PROVIDED INFORMATION:
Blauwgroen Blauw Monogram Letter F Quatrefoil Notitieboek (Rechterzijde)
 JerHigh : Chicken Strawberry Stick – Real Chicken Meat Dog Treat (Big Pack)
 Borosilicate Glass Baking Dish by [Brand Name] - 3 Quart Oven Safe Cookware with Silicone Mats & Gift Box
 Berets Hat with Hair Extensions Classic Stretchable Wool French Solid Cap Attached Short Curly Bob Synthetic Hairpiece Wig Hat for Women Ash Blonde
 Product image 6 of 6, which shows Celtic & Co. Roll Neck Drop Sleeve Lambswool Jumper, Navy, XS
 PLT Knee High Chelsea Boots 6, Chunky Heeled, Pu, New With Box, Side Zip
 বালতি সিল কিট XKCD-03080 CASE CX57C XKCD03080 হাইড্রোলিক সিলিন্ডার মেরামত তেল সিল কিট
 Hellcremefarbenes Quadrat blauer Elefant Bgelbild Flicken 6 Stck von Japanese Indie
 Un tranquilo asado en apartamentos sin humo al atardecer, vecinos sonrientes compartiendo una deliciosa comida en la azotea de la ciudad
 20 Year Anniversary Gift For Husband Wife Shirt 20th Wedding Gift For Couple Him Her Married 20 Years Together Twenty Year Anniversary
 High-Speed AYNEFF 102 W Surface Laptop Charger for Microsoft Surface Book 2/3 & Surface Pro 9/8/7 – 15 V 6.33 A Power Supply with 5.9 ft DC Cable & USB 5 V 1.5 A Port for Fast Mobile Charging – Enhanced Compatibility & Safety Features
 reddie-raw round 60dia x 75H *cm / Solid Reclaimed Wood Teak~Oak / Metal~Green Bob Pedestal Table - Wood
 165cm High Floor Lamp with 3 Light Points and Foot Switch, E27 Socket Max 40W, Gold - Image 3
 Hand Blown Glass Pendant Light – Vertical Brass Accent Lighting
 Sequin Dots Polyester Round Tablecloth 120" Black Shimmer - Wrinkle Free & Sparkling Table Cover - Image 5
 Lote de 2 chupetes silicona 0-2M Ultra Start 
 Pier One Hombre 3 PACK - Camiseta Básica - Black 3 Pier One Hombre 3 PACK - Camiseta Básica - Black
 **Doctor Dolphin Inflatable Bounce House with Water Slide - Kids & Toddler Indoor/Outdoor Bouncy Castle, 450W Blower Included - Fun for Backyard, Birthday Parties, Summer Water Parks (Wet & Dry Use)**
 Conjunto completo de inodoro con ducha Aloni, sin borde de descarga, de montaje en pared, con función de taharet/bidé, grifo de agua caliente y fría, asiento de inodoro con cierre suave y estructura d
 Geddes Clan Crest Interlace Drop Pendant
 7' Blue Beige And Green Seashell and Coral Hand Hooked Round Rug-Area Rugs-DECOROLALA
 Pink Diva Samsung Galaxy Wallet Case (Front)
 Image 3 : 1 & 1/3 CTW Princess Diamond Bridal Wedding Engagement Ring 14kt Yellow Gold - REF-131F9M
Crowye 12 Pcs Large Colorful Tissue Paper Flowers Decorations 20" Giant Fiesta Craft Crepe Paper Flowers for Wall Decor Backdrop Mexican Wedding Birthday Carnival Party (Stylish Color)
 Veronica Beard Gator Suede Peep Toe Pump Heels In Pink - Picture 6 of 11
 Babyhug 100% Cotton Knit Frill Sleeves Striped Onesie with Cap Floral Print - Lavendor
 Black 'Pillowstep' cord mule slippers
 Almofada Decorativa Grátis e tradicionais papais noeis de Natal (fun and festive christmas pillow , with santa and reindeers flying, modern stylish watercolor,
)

WHAT IS EXPECTED: Lines containing the word "Gold" in the entries above should be counted, and only that number given.

RESPONSE: 2